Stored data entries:
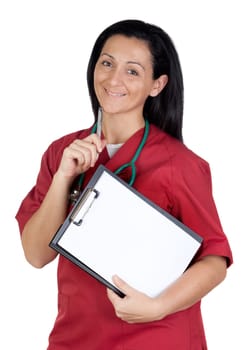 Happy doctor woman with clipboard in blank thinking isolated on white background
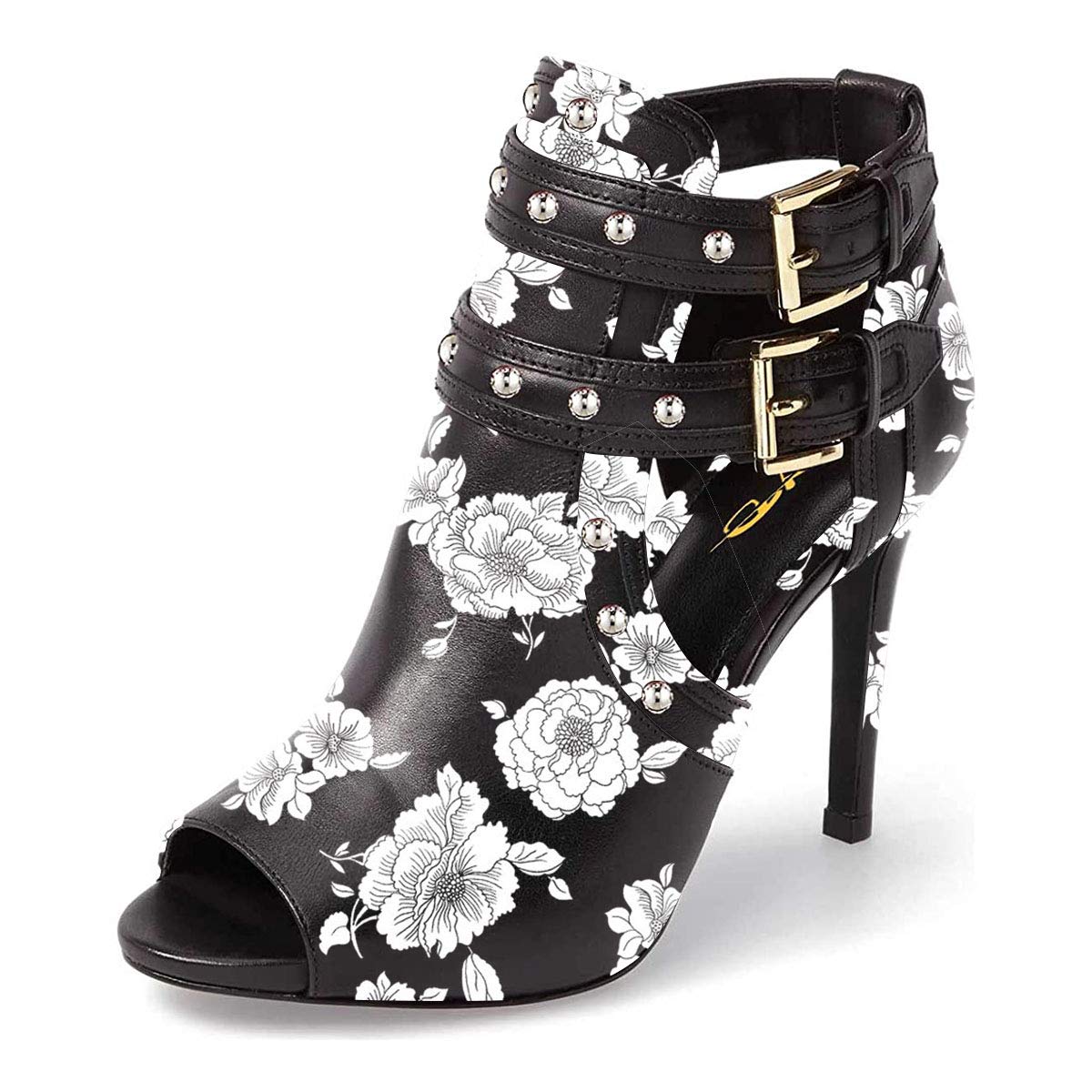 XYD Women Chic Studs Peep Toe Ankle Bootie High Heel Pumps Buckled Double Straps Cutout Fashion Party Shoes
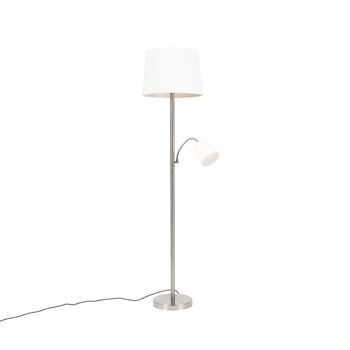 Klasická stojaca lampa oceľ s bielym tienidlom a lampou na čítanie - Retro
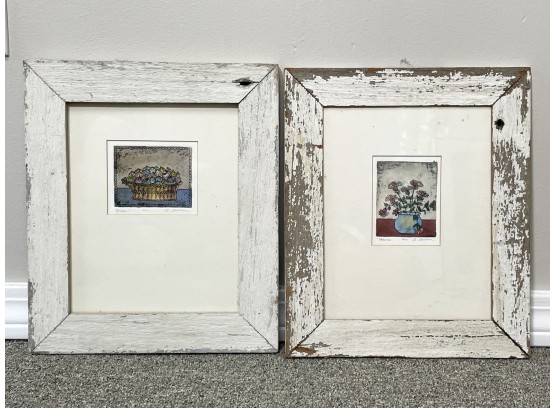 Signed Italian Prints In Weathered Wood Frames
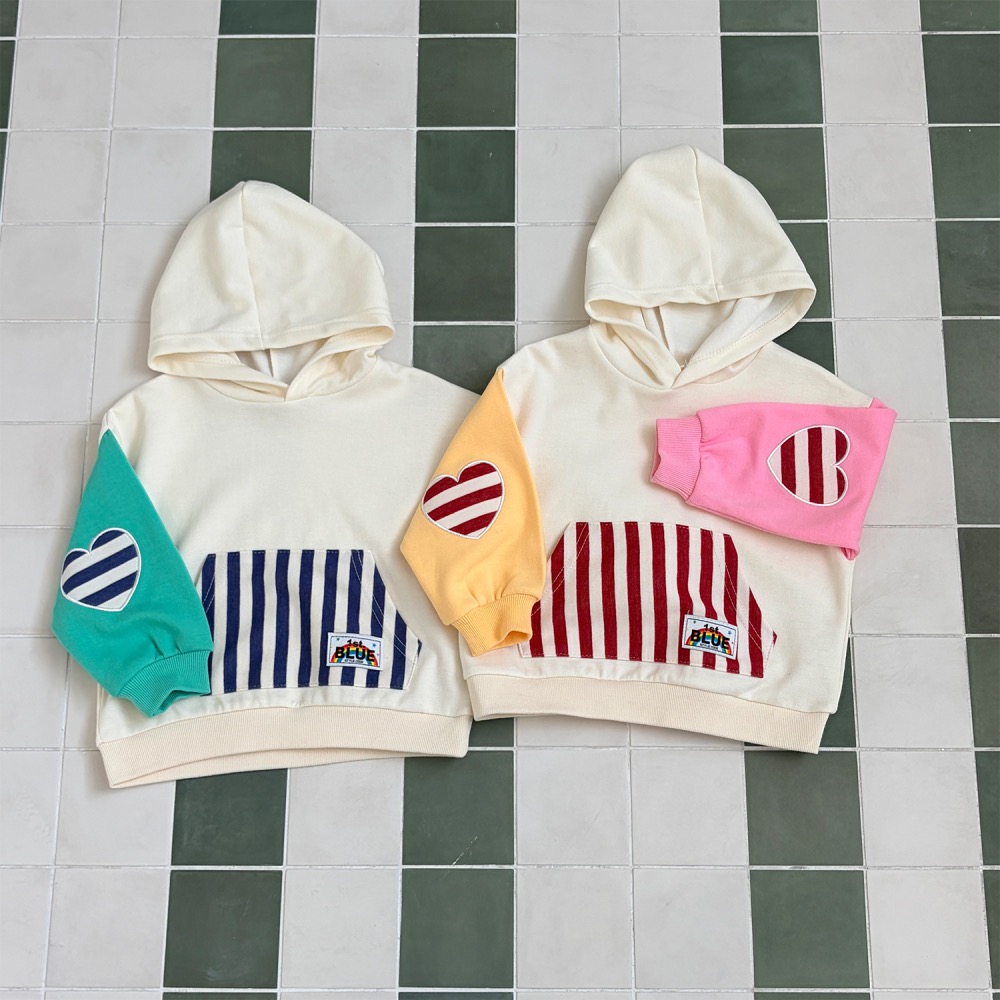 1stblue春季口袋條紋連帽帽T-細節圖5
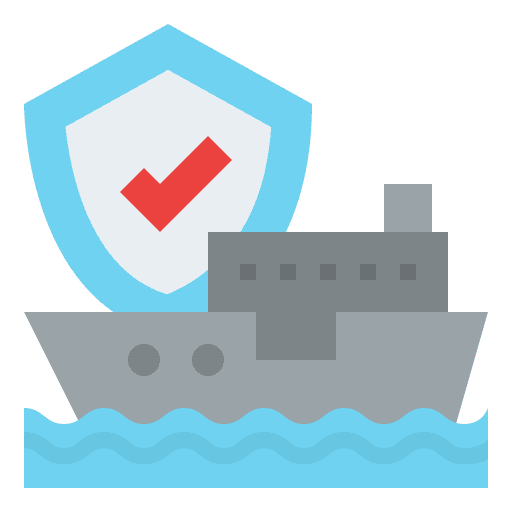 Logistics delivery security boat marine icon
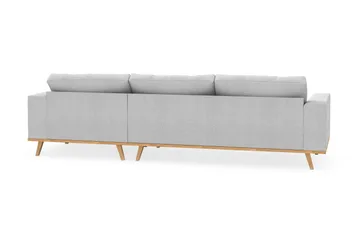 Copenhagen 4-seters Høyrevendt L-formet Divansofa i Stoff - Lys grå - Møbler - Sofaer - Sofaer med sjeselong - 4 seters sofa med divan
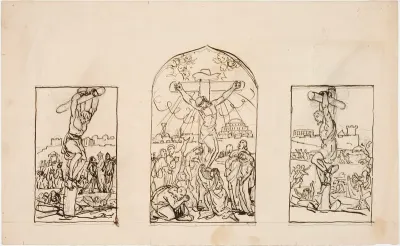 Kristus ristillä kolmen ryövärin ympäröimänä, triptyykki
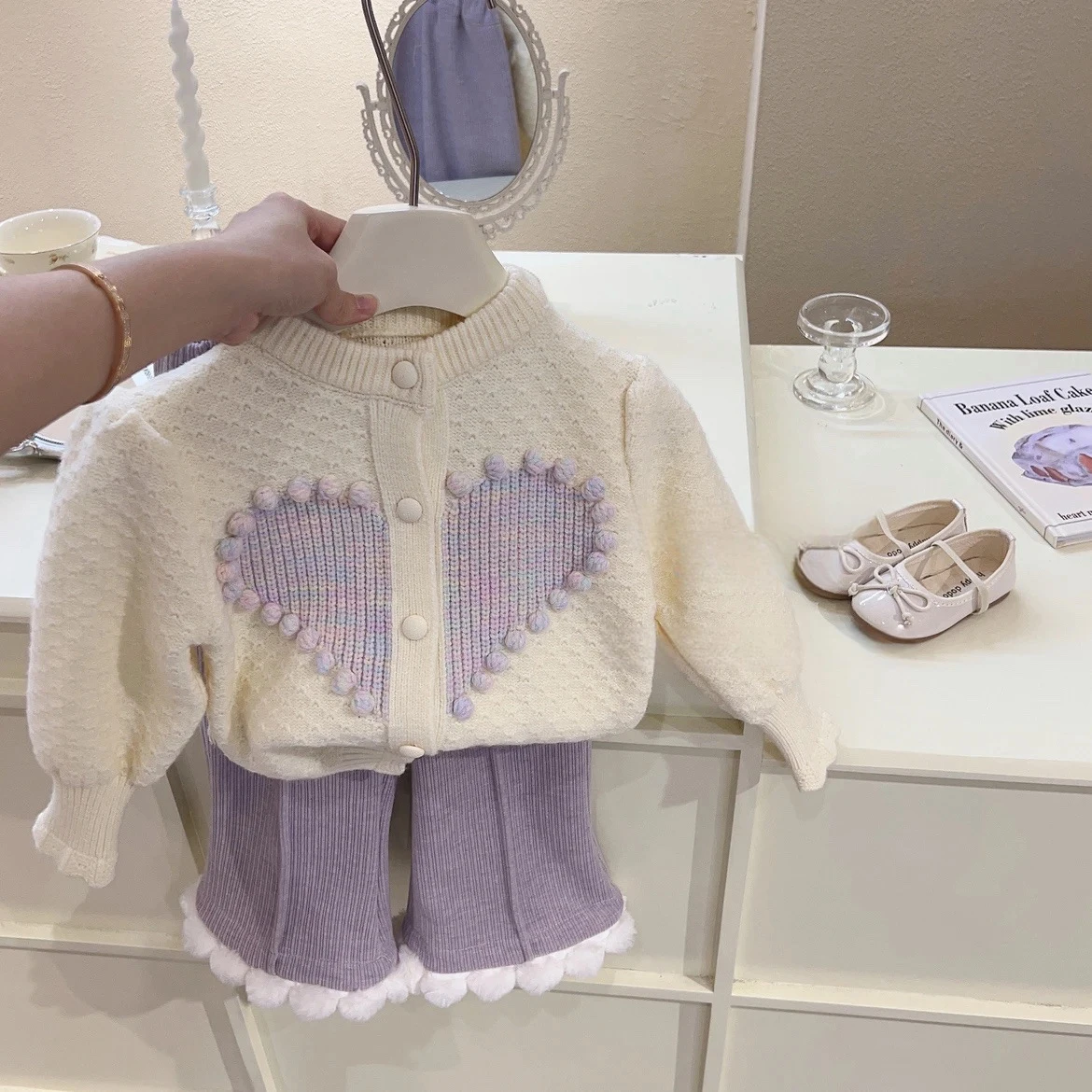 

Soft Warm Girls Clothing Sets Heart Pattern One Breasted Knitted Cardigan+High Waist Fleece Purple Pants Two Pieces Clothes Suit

### PROBLEM
Set down the data again, exactly, without images.

### TASK RESULT
 Happy doctor woman with clipboard in blank thinking isolated on white background
 XYD Women Chic Studs Peep Toe Ankle Bootie High Heel Pumps Buckled Double Straps Cutout Fashion Party Shoes
 Klasická stojaca lampa oceľ s bielym tienidlom a lampou na čítanie - Retro
 Signed Italian Prints In Weathered Wood Frames
 1stblue春季口袋條紋連帽帽T-細節圖5
 Logistics delivery security boat marine icon
 Copenhagen 4-seters Høyrevendt L-formet Divansofa i Stoff - Lys grå - Møbler - Sofaer - Sofaer med sjeselong - 4 seters sofa med divan
 Kristus ristillä kolmen ryövärin ympäröimänä, triptyykki

Soft Warm Girls Clothing Sets Heart Pattern One Breasted Knitted Cardigan+High Waist Fleece Purple Pants Two Pieces Clothes Suit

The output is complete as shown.